In the ever constant race to update and revise and be prepared for our next departmental review, we're doing these projects to make our courses "outcomes based." For every course, we're supposed to have goals (which, as I understand it, are supposed to have to do with what we want students to learn), outcomes (which, as I understand it, are supposed to have to do with what students produce to show that they've reached the goals), and sub-outcomes (which, as I understand it, is what students actually produce to show they've reached bits and pieces of the bigger goals and outcomes). We're supposed to have between 1 and 4 goals, 1 and 4 outcomes (one for each goal), and for each outcome, 1-3 sub-outcomes.

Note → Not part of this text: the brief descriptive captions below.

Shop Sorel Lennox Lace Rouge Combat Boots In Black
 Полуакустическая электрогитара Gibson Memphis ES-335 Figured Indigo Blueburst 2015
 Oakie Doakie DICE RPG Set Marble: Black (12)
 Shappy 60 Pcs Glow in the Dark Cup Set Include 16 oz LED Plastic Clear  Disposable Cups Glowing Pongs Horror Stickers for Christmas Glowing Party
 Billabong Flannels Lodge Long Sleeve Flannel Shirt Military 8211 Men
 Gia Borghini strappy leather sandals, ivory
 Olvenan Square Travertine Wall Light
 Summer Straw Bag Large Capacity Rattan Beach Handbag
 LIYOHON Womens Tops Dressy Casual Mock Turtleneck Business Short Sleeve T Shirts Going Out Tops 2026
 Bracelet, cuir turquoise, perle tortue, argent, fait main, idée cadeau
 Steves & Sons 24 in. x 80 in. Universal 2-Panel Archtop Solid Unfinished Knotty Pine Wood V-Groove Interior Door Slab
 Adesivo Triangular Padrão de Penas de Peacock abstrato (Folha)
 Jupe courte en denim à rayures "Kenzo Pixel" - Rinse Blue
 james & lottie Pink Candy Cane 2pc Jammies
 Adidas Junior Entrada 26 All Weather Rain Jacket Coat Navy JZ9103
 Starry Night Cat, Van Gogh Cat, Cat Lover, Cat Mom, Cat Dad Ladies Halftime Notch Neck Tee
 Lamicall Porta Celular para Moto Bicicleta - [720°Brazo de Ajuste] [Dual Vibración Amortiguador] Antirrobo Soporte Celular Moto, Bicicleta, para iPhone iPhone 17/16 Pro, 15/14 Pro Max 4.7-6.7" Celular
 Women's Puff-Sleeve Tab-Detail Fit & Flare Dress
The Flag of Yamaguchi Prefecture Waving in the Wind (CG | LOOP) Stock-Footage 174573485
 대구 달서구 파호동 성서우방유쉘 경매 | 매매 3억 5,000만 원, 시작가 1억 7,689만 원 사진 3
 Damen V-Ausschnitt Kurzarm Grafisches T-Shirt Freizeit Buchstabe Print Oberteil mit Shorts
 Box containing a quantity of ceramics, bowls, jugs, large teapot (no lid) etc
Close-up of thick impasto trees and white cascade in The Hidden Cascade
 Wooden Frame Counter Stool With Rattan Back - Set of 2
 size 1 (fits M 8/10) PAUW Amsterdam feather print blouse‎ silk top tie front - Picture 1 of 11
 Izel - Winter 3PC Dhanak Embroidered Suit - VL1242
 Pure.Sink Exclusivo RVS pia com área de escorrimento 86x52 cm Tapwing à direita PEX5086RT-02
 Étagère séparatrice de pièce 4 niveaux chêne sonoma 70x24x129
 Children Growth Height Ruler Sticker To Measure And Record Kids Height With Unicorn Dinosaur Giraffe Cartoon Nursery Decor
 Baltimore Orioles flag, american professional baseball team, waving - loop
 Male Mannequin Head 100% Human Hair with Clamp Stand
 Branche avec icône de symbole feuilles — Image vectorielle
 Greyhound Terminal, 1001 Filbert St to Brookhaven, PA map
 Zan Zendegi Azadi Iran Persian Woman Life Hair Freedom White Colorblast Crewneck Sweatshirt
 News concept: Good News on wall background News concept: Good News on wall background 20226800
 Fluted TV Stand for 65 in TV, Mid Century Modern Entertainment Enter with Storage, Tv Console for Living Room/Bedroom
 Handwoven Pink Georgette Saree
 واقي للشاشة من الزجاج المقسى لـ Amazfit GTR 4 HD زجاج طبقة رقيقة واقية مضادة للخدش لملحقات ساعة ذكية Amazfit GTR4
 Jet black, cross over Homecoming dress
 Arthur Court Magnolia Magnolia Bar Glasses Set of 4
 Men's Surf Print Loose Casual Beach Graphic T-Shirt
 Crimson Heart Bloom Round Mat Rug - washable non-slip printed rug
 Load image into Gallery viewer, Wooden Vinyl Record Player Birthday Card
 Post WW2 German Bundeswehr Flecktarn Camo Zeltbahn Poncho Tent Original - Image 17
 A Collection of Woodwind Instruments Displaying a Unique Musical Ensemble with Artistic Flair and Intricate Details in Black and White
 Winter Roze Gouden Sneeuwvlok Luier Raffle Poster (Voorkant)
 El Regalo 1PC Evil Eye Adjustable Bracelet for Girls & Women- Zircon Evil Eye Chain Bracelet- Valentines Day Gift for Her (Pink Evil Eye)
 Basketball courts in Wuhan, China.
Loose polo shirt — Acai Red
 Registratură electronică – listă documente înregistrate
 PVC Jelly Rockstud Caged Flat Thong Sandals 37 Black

I want to brainstorm a bit here, because I find this sort of stuff intensely frustrating and not fun, and I don't think I find it nearly as helpful as the edu folks keep promising I should.
Let's take, say, an intro Shakespeare course, a genre-based Shakespeare course.
What should the goals be?
1. I want students to get better at reading difficult texts.
2. I want students to get a sense of how damned good Shakespeare is. (I think of this as building in an understanding of some plays, how genre works, how imagery and such work, how character development works, and on and on.)
3. I want students to get a sense of the historic, cultural, and social contexts of early modern theater. (Yes, that's huge. HUGE!)
Do those goals make sense? Are there better goals? Are there more goals?
Edited to add: There should be something about writing in there, maybe in the first one, reading and writing about difficult texts?